Billions of dollars were spent by the international community to stop transmission of the disease and to test medical products that had been researched in academic or defence institutions but had never got anywhere close to clinical development stage. The World Health Organization stepped in to convene R&D partners, came up with specifications for appropriate diagnostics and a fast-track assessment system to ensure the new tests' quality. At the same time, it strived to coordinate the overall R&D response, advocating that the testing of vaccines and therapeutics in the affected communities followed rigorous scientific and ethical practice while remaining flexible enough to be performed with speed.

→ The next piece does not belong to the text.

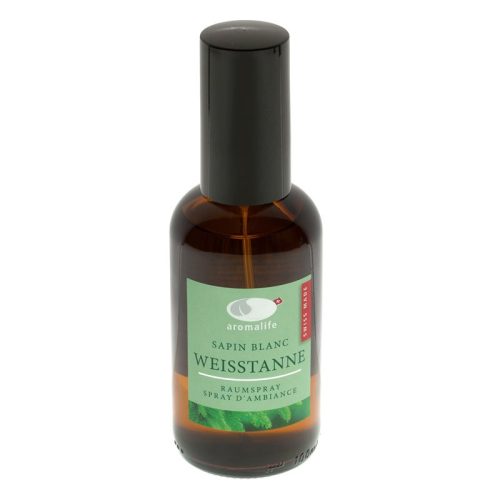 Aromalife, Aromalife Raumspray Weisstanne (100ml)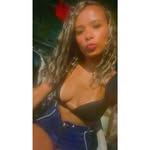 Kelly Vitoria - @kellymanuella14 - Instagram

Today we have a number of effective diagnostic tests and at least one effective vaccine against Ebola, and all this in just two years. Usually, developing a vaccine can take six to 10 years. These successes unfortunately came too late for the over 11 000 people who died, but the experience showed that R&D could be accelerated, and that the international community, including the pharmaceutical industry, could step up to the plate when saving lives and stopping the global spread of a dangerous virus becomes an urgent imperative.

It is now just as imperative that the international community take action to protect our future. To avert another major crisis, to pre-empt what many commentators have called inevitable and devastating new epidemics about to happen, and to act as a true community, partners should come together under the Blueprint umbrella and collaborate openly to safeguard global health.